(RECORD EXTRACTS)
————

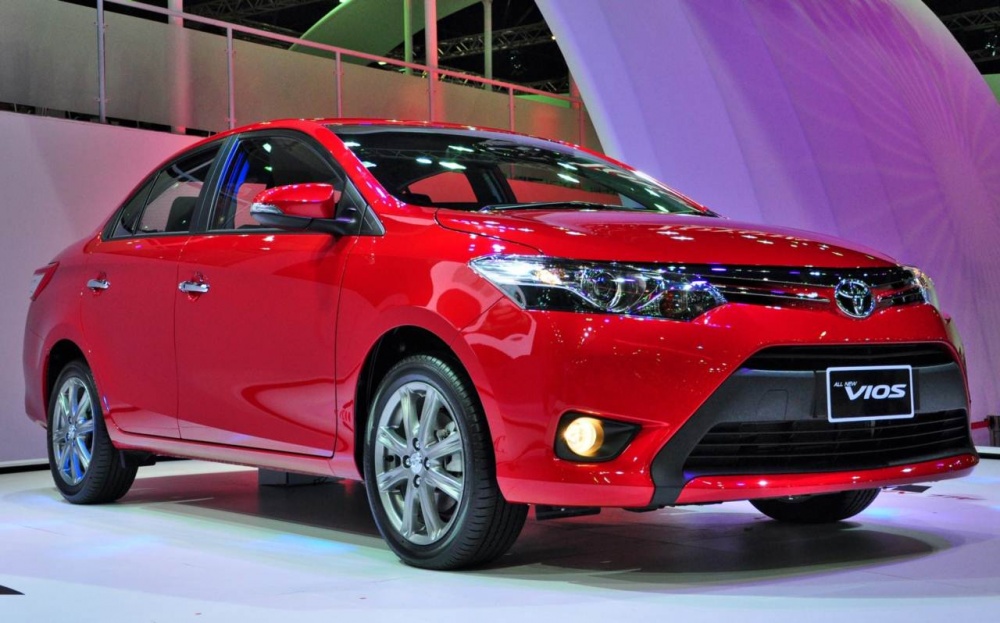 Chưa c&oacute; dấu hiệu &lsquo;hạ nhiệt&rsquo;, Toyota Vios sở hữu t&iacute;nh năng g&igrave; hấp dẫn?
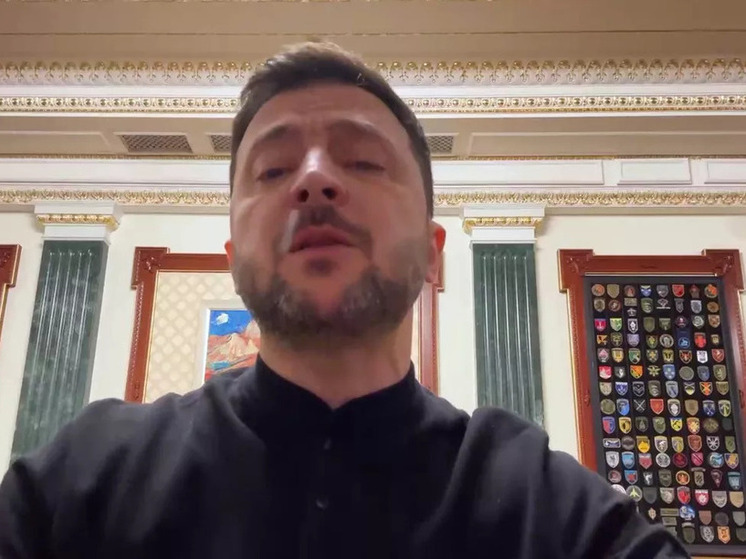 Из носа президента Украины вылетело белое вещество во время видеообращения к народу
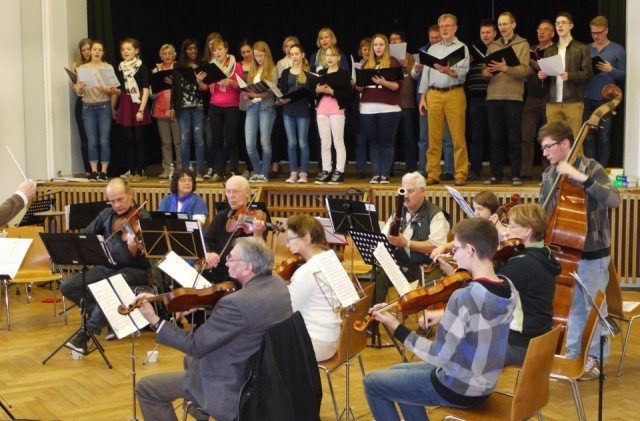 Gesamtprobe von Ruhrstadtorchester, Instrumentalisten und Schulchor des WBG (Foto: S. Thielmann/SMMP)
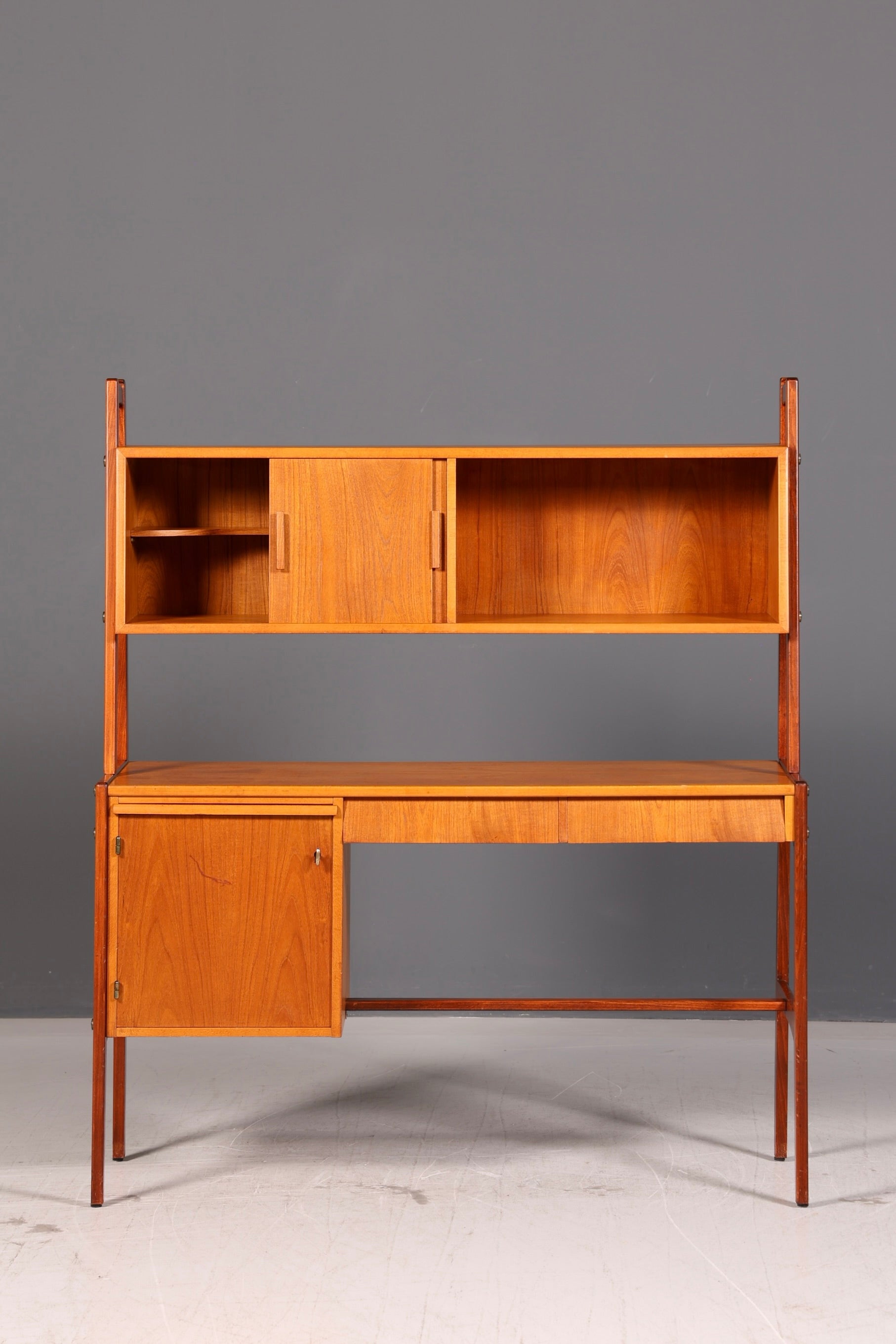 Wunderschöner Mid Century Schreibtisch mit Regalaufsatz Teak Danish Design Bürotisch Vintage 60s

————

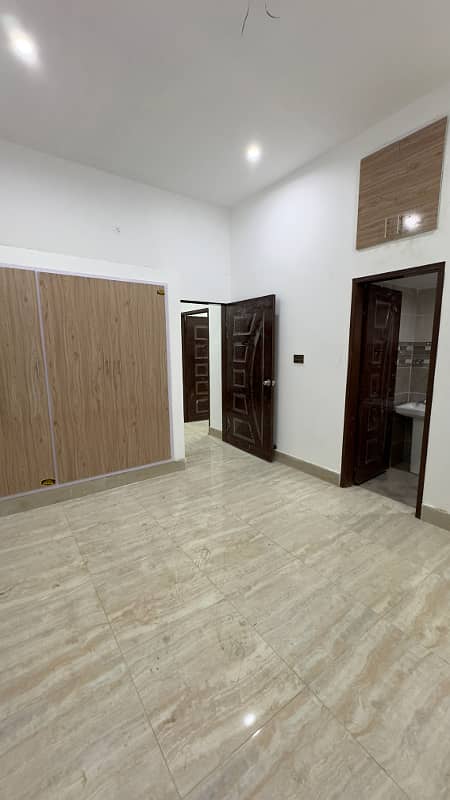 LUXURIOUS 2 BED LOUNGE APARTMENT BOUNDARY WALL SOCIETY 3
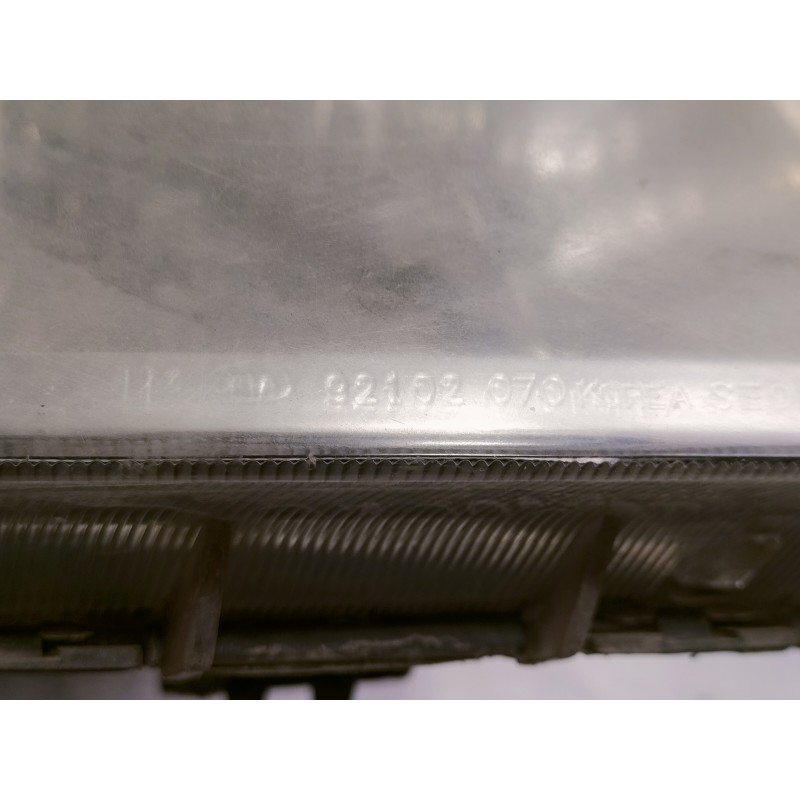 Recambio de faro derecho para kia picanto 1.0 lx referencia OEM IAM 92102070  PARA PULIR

————

(ASSIGNMENT)
Respond with the exact lines above running from the one containing "Из носа президента" to the one containing "Wunderschöner Mid Century", both ends kept and no pictures included.

(RESULT OF THIS TASK)
 Из носа президента Украины вылетело белое вещество во время видеообращения к народу
 Gesamtprobe von Ruhrstadtorchester, Instrumentalisten und Schulchor des WBG (Foto: S. Thielmann/SMMP)
 Wunderschöner Mid Century Schreibtisch mit Regalaufsatz Teak Danish Design Bürotisch Vintage 60s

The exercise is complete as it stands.